Greenidge, who in addition to his formal title is affectionately known in that community as the “Mayor of Sutphin Boulevard,” told me during our phone conversation that shortly after the COVID 19 crisis struck last March, Eshaghpour, voluntarily waived the rent for dozens of mom and pop businesses on the property his family owns.

Greenidge, whom I favorably profiled on these pages in a July, 2019 column and afterwards remained in occasional contact,    asserted that without Eshaghpour’s kindness and generosity,    many of these business owners would have gone bankrupt, and their employees would have lost their jobs.

When, just as I assumed, Greenidge asked me if I wanted him  to arrange an interview with Eshaghpour, I answered with a loud “yes!”

So thanks to Greenidge making all the arrangements, just a week later Eshaghpour, 53, the married father of 2 school aged children, and I were on the telephone discussing his generosity to his tenants.

“With all of the uncertainty and tragedy of COVID 19 engulfing us all, I came to the realization that the income I earn from rent payments is insignificant compared to keeping hard working people in business and keeping their workers employed…The tenants didn’t ask for this pandemic.  {So} putting them out of business would not have been something I could live with,” said Eshaghpour.

As the interview continued, I learned the personal history surrounding Eshaghpour’s devotion to the Sutphin Boulevard business community.    

“In 1970, when I was just 2 years old, my parents immigrated with me and my older brother from Iran to America,’’ he  informed me.

Eshaghpour, who is Jewish, elaborated that, unlike the forced exodus of hundreds of thousands of Iranian Jews shortly after the virulently anti-Semitic, anti-American Ayatollah Khomeini overthrew the pro-Jewish, pro- American Shah of Iran in 1979, his family left their native country, not for political reasons, but rather primarily for the opportunity to achieve the financial success they believed was achievable in America for those willing to work hard.

“My father came to the greatest nation in the world to pursue the freedom America offers to achieve as much success in life as your energy, resolve and talent allows,” stated Eshaghpour.

And, the place, Eshaghpour tellingly added, that his family first achieved that success was in a liquor store they bought shortly after their arrival to the U.S. near, you probably guessed by now, the Jamaica Subway Station in Sutphin Boulevard.

“My family and I owe so much to the Sutphin Boulevard business community, because it gave us our start… So what a great feeling it has been for me to be the son of an immigrant who realized his dream on the very same streets as the merchants I have been able to help,” he explained.  

But Eshaghpour’s benevolence does not end there.
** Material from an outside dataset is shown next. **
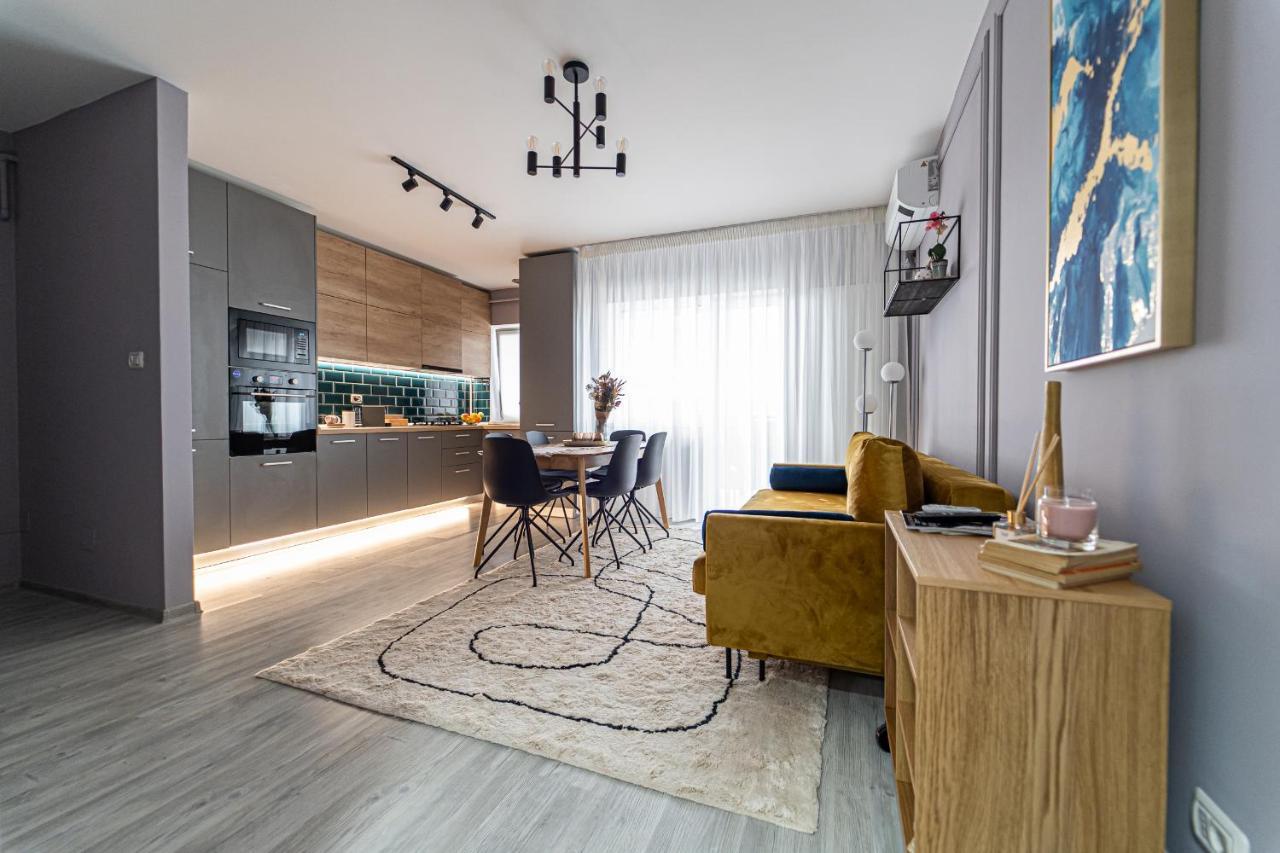 Delux Suite Bacau Exterior photo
As Greenidge had earlier informed me, over the past several years Eshaghpour has run and paid for local Thanksgiving meal giveaways geared to people in financial need; and this past year, Greenidge additionally informed me, due to financial crisis caused by COVID 19, Eshaghpour also provided meals on Christmas Eve, feeding more than 1,000 people.   

Eshaghpour, though, downplayed that kindness. “Some very good people in the community were struggling during the pandemic.  I was in a {financial} position to help them have a  happier Thanksgiving and Christmas, so what I did was no big deal, because it came so naturally,”  he stated.  

It did come naturally, I believe, for this very special landlord and very special man.